Gr{ö}bner bases over polytopal affinoid algebras
Moulay A. Barkatou, Lucas Legrand, Tristan Vaccon
TL;DR
The article develops a Gröbner bases theory for polytopal affinoid algebras $K\{\mathbf{X};P\}$, bridging rigid analytic geometry and tropical analytic geometry. It extends GB theory from Tate algebras and Laurent polynomials to polytopal settings by employing generalized monomial orders built from conic decompositions and by adapting division, S-pairs, and Buchberger's algorithm to both $K\{\mathbf{X};r\}$ and $K\{\mathbf{X};P\}$. The work provides effective division and Gröbner basis algorithms, including procedures to compute the necessary leading monomials via polyhedral computations and conic decompositions, with a SageMath implementation and demonstrations.

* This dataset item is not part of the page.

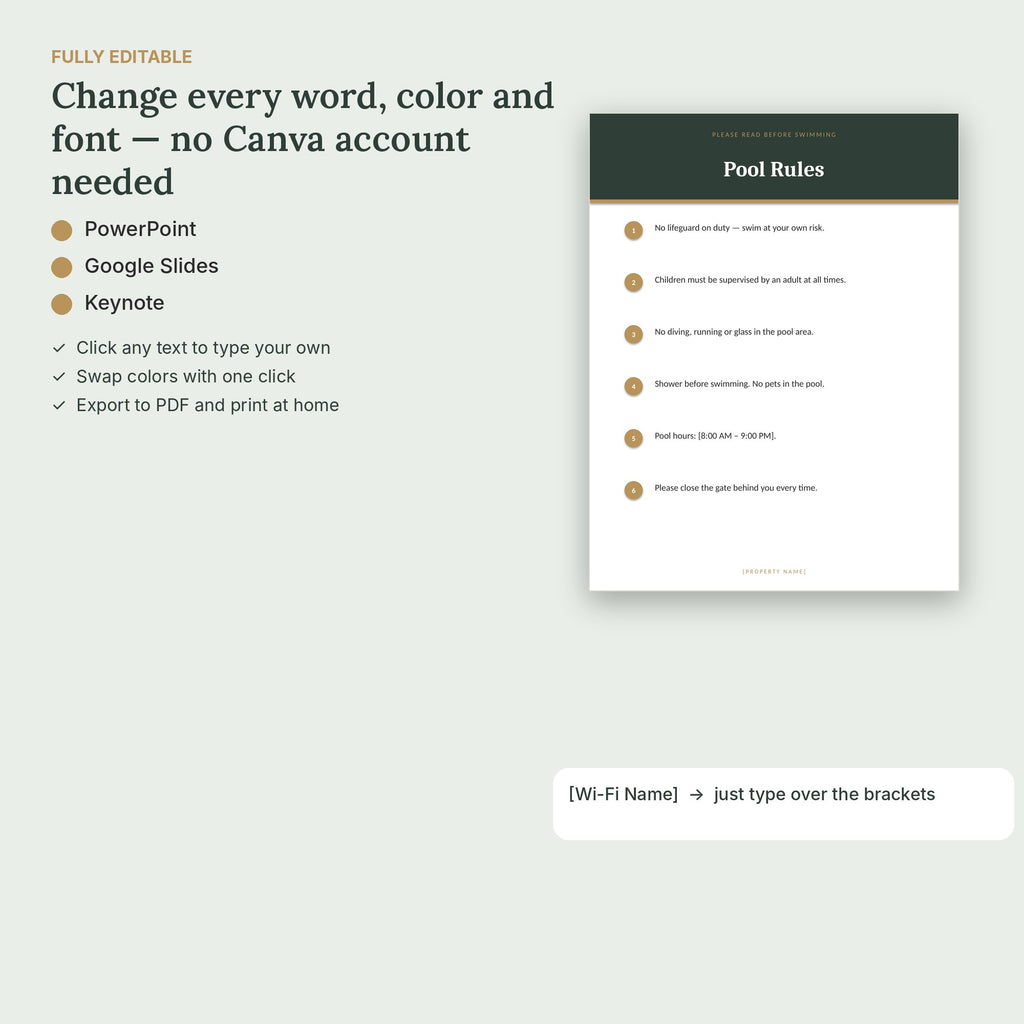 Airbnb Hot Tub, Pool & Pet Rules Signs – 12 Editable, No Canva – fully editable, no Canva needed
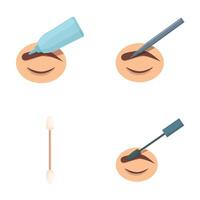 icons set showing four steps of eye makeup application vector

This framework enables computation of GBs in Laurent-domain and polytope-constrained algebras, supporting practical tropical-analytic applications in non-archimedean geometry.
Abstract
Polyhedral affinoid algebras have been introduced by Einsiedler, Kapranov and Lind to connect rigid analytic geometry (analytic geometry over non-archimedean fields) and tropical geometry. In this article, we present a theory of Gr{ö}bner bases for polytopal affinoid algebras that extends both Caruso et al.'s theory of Gr{ö}bner bases on Tate algebras and Pauer et al.'s theory of Gr{ö}bner bases on Laurent polynomials. We provide effective algorithms to compute Gr{ö}bner bases for both ideals of Laurent polynomials and ideals in polytopal affinoid algebras. Experiments with a Sagemath implementation are provided.